Canadian cable operator is major new player

MONTREAL — Suddenly there is a major new player in the Canuck terrestrial broadcast biz.

With its C$375 million ($352 million) purchase of CTVglobemedia’s five City-tv stations, Rogers Media has, in one dramatic gesture, become the owner of the third network in Canada after CTV and Global.

Before snapping up the City-tv channels in Toronto, Winnipeg, Edmonton, Calgary and Vancouver, Toronto-based Rogers was a relatively minor TV player. It owned four regional multicultural channels named Omni, as well as owning and operating sports channel Rogers Sportsnet.

However, it is Canada’s leading cable operator and one of the country’s top wireless/cellphone companies.

CTVglobemedia was forced to sell the much-coveted City-tv channels by regulator the Canadian Radio-Television and Telecommunications Commission June 8 in order to go through with its $1.3 billion acquisition of broadcaster Chum.

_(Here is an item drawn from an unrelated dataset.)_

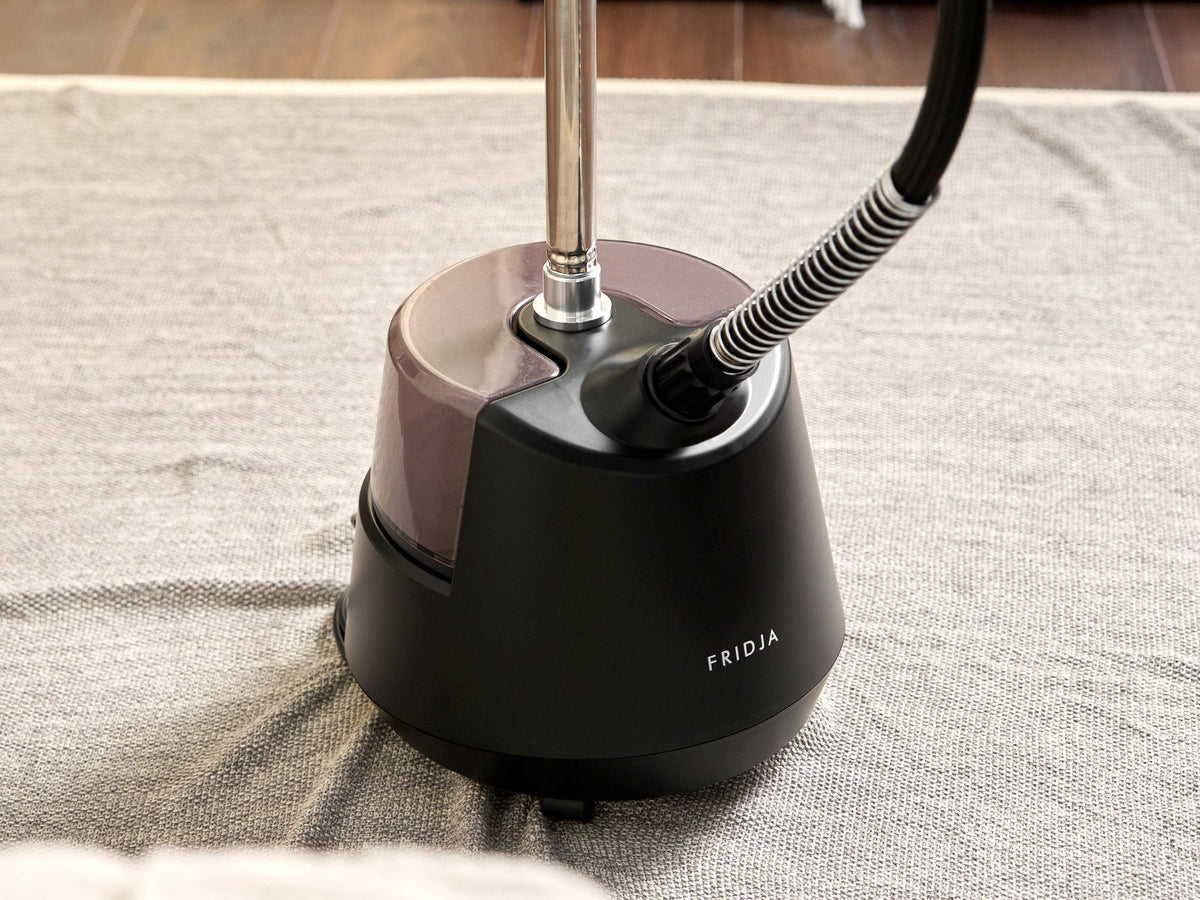 Base and water tank of the Fridja f1200 Clothes Steamer Pro standing on a rug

CRTC rules prevent broadcasters owning more than one major TV station in the same market and CTV already has stations in all the cities where City-tv operates.

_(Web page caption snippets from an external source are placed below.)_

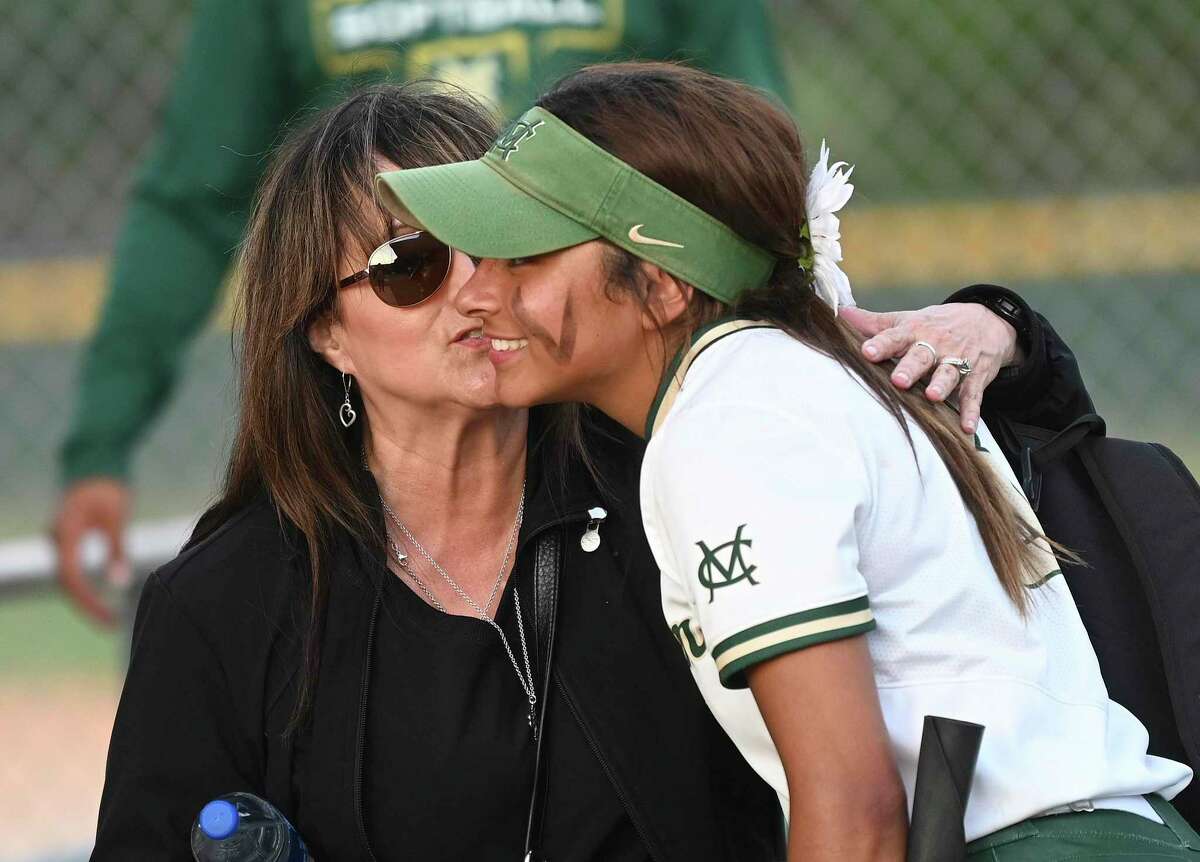 Lisa Johns hugs her great niece, Dom Guerrero (3), after she pitched a 10-0 no-hitter against Floresville on Wednesday, April 20, 2022.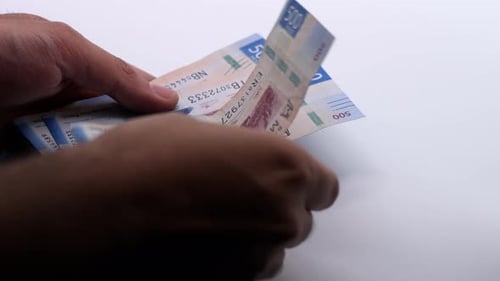 Imagem aproximada de um homem contando pesos mexicanos. Câmera lenta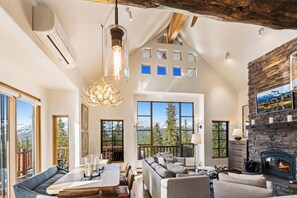 A spacious living room with a fireplace, large windows, and a view of mountains. - Big Sky Vacation Rentals: MMH 7 Derringer (Big Sky)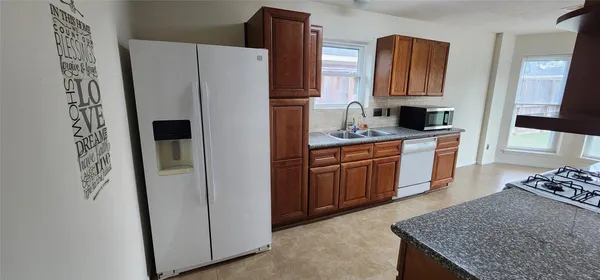a bathroom with a double vanity sink toilet and a mirror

It is unclear just how Rogers will change the TV biz here.

The official line from Rogers is that it will be business as usual at the City-tv channels. But some think with its deep pockets Rogers could spend more on Hollywood programming to challenge CTV and Global.

“The fact that Rogers bought it is good,” says Richard Hardacre, president of Canuck actors union ACTRA. “This is a proud Canadian company and I believe (Rogers founder and head honcho) Ted Rogers is someone who cares about what this country has to offer in terms of television.”

Rogers VP Jan Innes says the City-tv stations will remain much as they were under Chum’s stewardship — hip, young and with a mix of U.S. and Canuck fare.

“We’re very high on the franchise and what we bring to the table is a long-term commitment,” says Innes.

He says it is too early to say what will happen in management at City-tv but did note that Rogers is committed to keeping City-tv’s employees.

CTVglobemedia, however, will take over the City-tv building on Queen St. West in downtown Toronto, one of the best-known TV landmarks in Canada.

City-tv building also houses 13 of the 21 Chum pay channels that CTVglobemedia is picking up as part of the deal.

Rogers had originally intended to buy CTVglobemedia’s seven A-Channels, which the latter acquired in the Chum takeover. But that deal fell apart when the CRTC ordered CTVglobemedia to sell the five City-tv stations.

CTVglobemedia had wanted to use the City-tv channels to construct a second smaller network to operate alongside its main CTV web. Now it will create that secondary network with the A-Channel stations. These stations are in secondary markets and some bigger cities like Toronto and Vancouver.

Canada’s producers are pleased that there will be three broadcast owners, says Canadian Film and Television Production Assn. prexy Guy Mayson.

“We’d like to see Canadian programming as the cornerstone of the primetime schedule” on City-tv he says.